Kansas City Art Institute, Barbara A. Marshall Residence Hall

Kansas City, MO

PROJECT

Kansas City Art Institute, Barbara A Marshall Residence Hall

DESCRIPTION

This student housing project consists of a four-story student residence building with one story adjacent dining center. The 227-bed residence hall, featuring double-occupancy semi-suites with private baths and cozy gathering spaces, plus a student gallery, large living room and gaming center.

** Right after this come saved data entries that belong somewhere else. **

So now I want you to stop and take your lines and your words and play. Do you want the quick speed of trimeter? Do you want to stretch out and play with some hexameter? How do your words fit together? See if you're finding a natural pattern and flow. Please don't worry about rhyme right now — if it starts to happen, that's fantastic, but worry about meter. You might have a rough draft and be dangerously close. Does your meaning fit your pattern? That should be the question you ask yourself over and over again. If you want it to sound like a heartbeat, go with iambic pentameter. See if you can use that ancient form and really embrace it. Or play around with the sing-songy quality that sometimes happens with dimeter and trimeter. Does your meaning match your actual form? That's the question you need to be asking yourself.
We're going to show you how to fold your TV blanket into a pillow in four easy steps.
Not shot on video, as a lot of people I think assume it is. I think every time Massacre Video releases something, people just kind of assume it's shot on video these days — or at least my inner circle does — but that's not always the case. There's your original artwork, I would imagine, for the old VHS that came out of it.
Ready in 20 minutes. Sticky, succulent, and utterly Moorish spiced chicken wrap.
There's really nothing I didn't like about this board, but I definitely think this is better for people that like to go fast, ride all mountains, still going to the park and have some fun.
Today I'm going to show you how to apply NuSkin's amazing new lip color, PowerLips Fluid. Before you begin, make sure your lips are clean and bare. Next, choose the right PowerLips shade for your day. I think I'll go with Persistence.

A key design feature of the 31,369 square feet of insulated precast façade are the tapered windows with the pops of color achieved with a field applied stain. This combined with the multi-finish precast exterior (a combination of acid etch combined with a retarder finish) creates a striking visual presence on the campus

For the interior an ‘honesty of materials’ theme prevails. The interior wythe of concrete (which is primarily structural gray) is left exposed with a sandblast finish. This is seen in the corridor, study alcoves, gym room as well as the interior walls of the individual dorm rooms. This is complemented by exposed a cast in place interior walls, various open spaces and a vibrant fireplace featured space. In some areas, interior integral color precast panels continue to the exterior creating an unmistakable connection from the exterior to interior. This is perhaps best achieved in the panel on the back wall of the grandstand tiered seating area.

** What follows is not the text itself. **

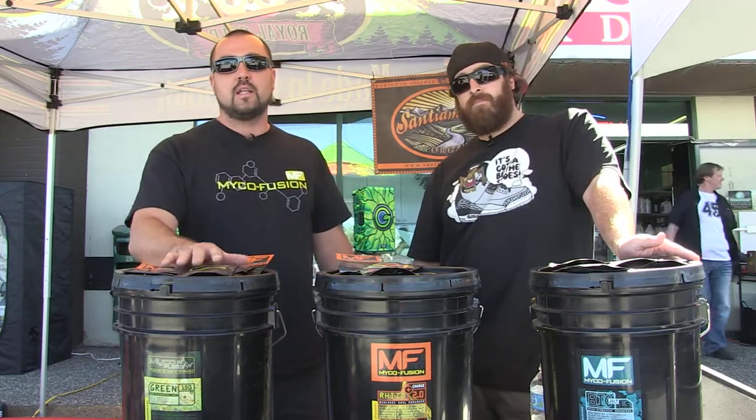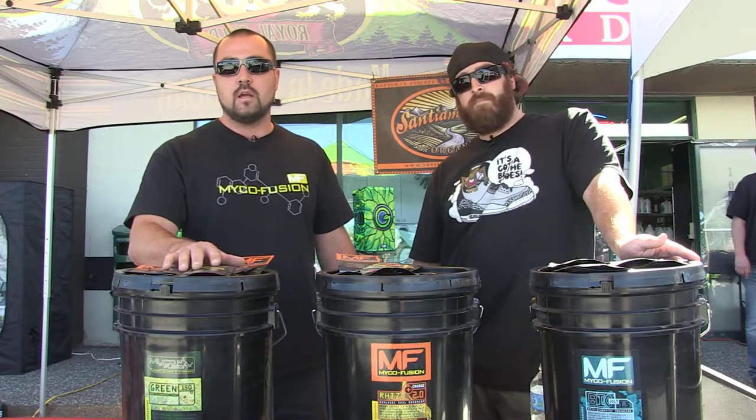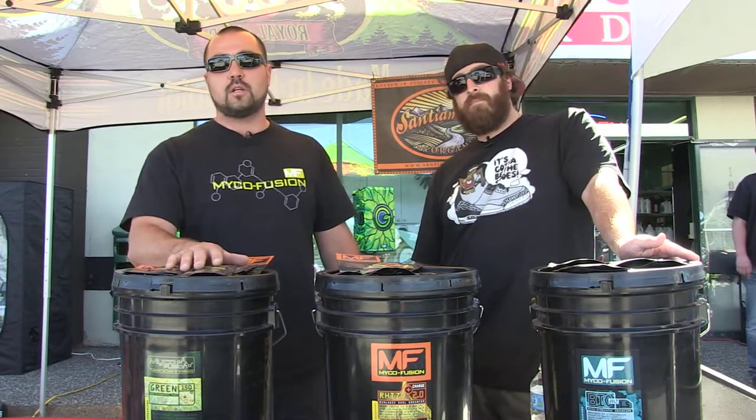This is a root inoculant. This aids in the uptake of phosphorus and also aids in the uptake of water. This is an endomycorrhizal product only — a pure inoculum for your fast-growing plants and high-performance crops.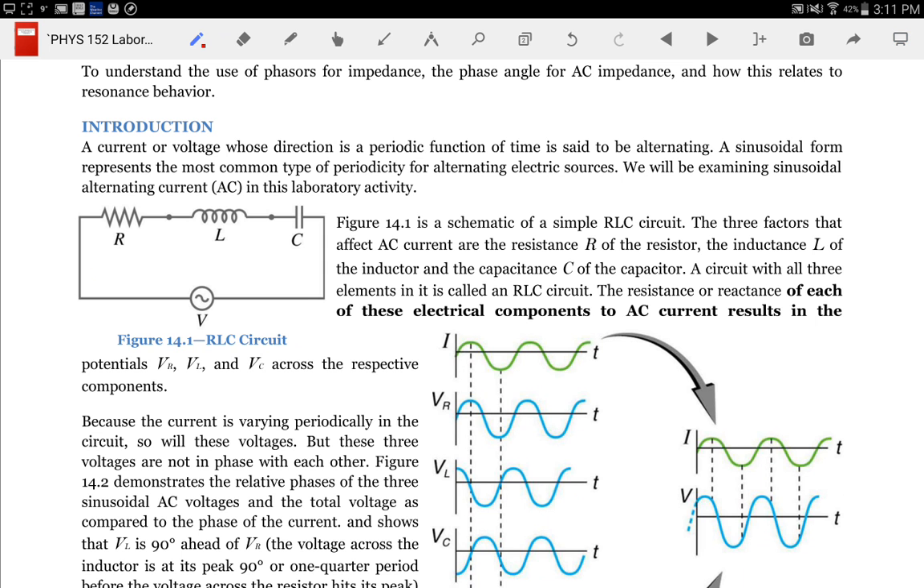Let me switch over so you can see what the voltages look like. I have a total of four voltage measurements here. The lab guide says two or three, but I've set it up so you can have three — we don't have enough probes for everyone to measure four. I'm measuring the voltage for the source, and then the voltage across the inductor, the resistor, and the capacitor separately.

The architect noted that the precast panels offered an opportunity to compliment the buildings surrounding context. With the museum of art to west, the older student living center to the east, and a notable sculpture to the north, all are built from concrete as the primary material. Selecting concrete as the primary material was a natural fit. Precast offered the added benefit of leveraging factory-based fabrication to introduce a level of texture and complexity rarely possible in on site cast-in-place concrete work. In addition, it offered the ability to create a cohesive building envelope in a panelized modular fashion, and integrate the thermal barrier. The insulated panels were also able to absorb the severe taper of the exterior windows (a key design feature). Speed of erection was the final component that allowed us to bridge the challenges related to achieving a completion date based on the academic calendar.

The precaster, the architect, and the contractor all worked together on determining the panel sizes that were able to ship vertically in order to pick with a tower crane, be light enough for a tower crane (The heaviest panel was 17,500 pounds), and also be as large as possible to minimize piece counts.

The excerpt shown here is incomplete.